Vogelzählung im Hillschen Garten

Isolde Füllbeck und d Jürgen Hendricks
Isolde Füllbeck und d Jürgen Hendricks
Foto: FUNKE Foto Services
Was wir bereits wissen
Stunde der Gartenvögel: Nabu-Mitglieder sehen keinen einzigen Sperling – aber zehn Mauersegler.

Hattingen..  Nein, einen Haussperling, den Sieger der elften Stunde der Gartenvögel hat Isolde Füllbeck vom Naturschutzbund-Ortsverein Hattingen (Nabu) nicht gesehen im Hillschen Garten, wo sie mit Kollege Jürgen Hendricks die dort herumfliegenden Vögel zählte. Aber dafür: einen Raben, zwei Rotkehlchen, zwei Tauben, drei Amseln, fünf Schwalben, einige Meisen. Und sogar zehn Mauersegler.
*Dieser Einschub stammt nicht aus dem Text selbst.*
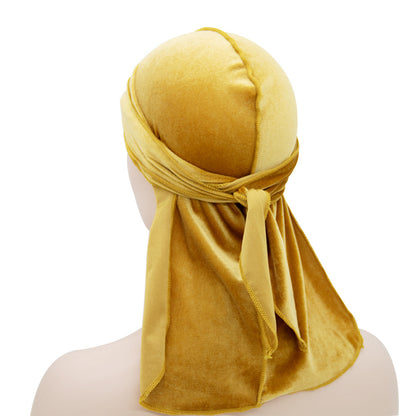 Velvet Long Tail Durag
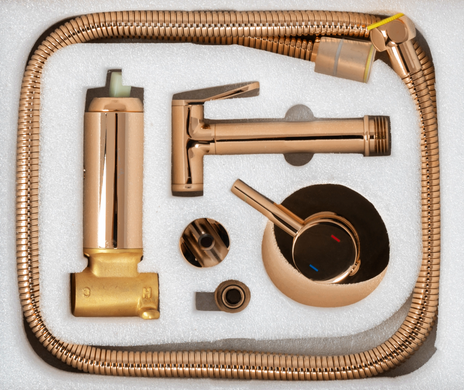 Набор гигиенического душа REA LOOP COPPER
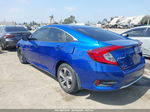 2019 Honda Civic Lx Blue vin: 2HGFC2F63KH506835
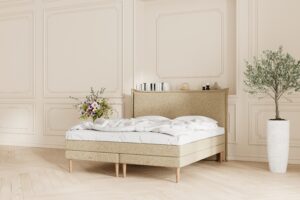 SÖVNN Prestige Kontinentalseng - 210x210 - Sand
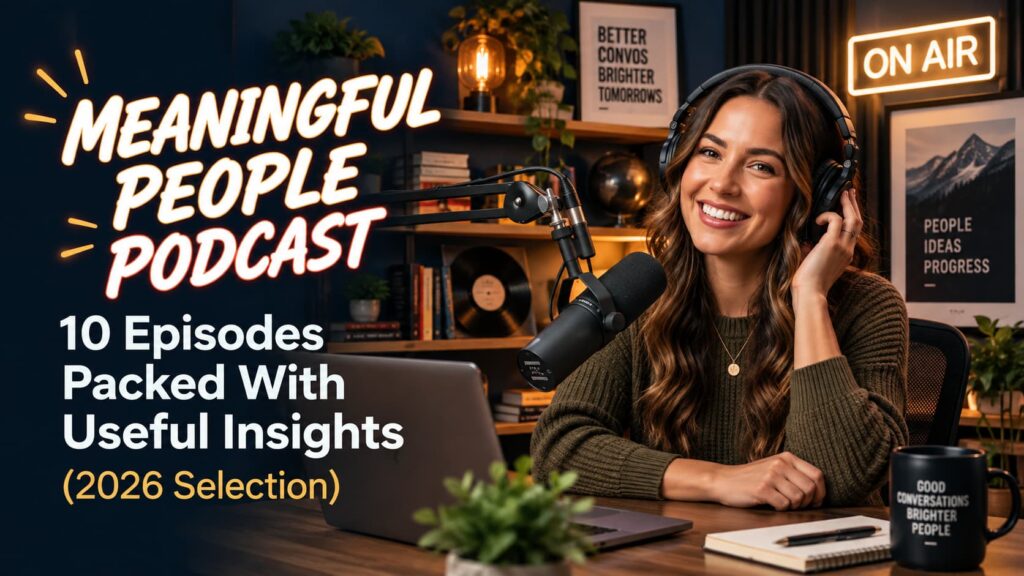 meaningful people podcast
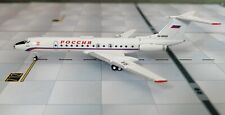 ROSSIYA Tupolev TU-134A RA-65109 1/400 by PANDA Models. BRAND NEW  picture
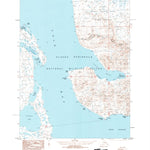 United States Geological Survey Cold Bay A-2, AK (1995, 63360-Scale) digital map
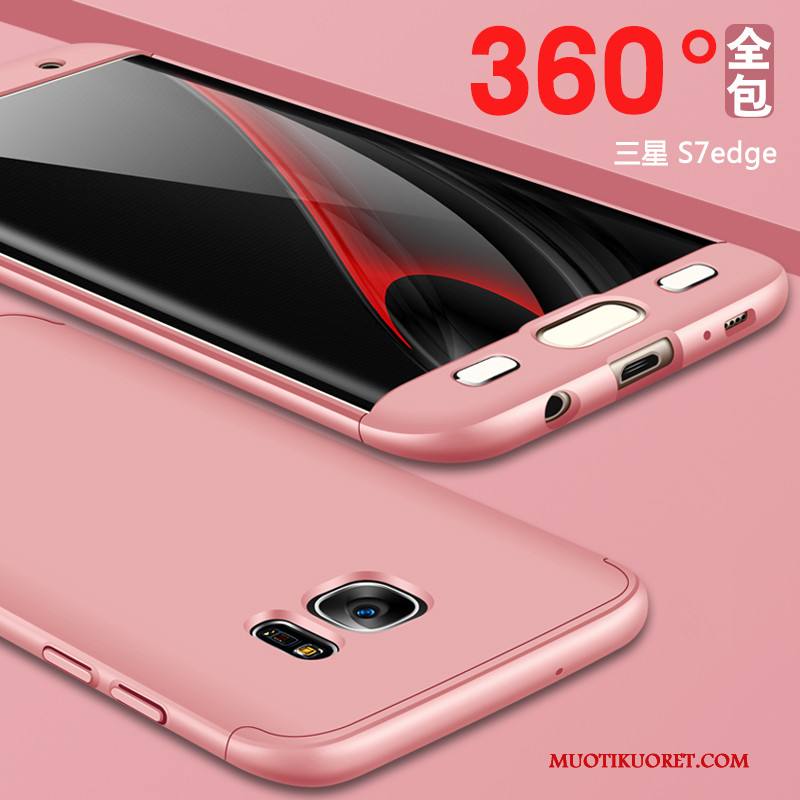 Samsung Galaxy S7 Edge Kuori Ripustettavat Koristeet Kotelo Murtumaton Puhelimen Kuoret Suojaus Kulta Tähti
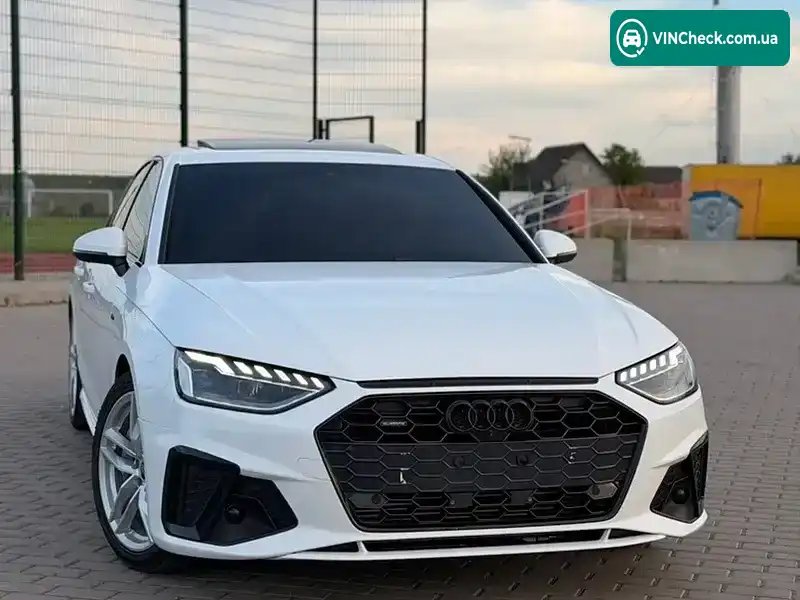 Audi A4 2023, фото з оголошення 1 з 21, VIN WAUEAAF49RA053142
Alles binnen von gerade einmal 15 Minuten.

Der Hillsche Garten, zog Isolde Füllbeck denn nicht zuletzt aufgrund dieser durchaus ergiebigen Vogelzählung zufrieden ihr Fazit, sei „ein toller Garten“. Und sie fügte hinzu: Im nächsten Jahr plane sie, anlässlich der „Stunde der Gartenvögel“ erneut in dieser Grünanlage nach Amseln, Finken, Staren und Co. Ausschau zu halten. „Dann hoffentlich gemeinsam mit einigen anderen interessierten Bürgern.“ Die nämlich vermisste die Naturfreundin diesmal bei der – zugegeben sehr kurzfristig anberaumten – Nabu-Aktion im Hillschen Garten.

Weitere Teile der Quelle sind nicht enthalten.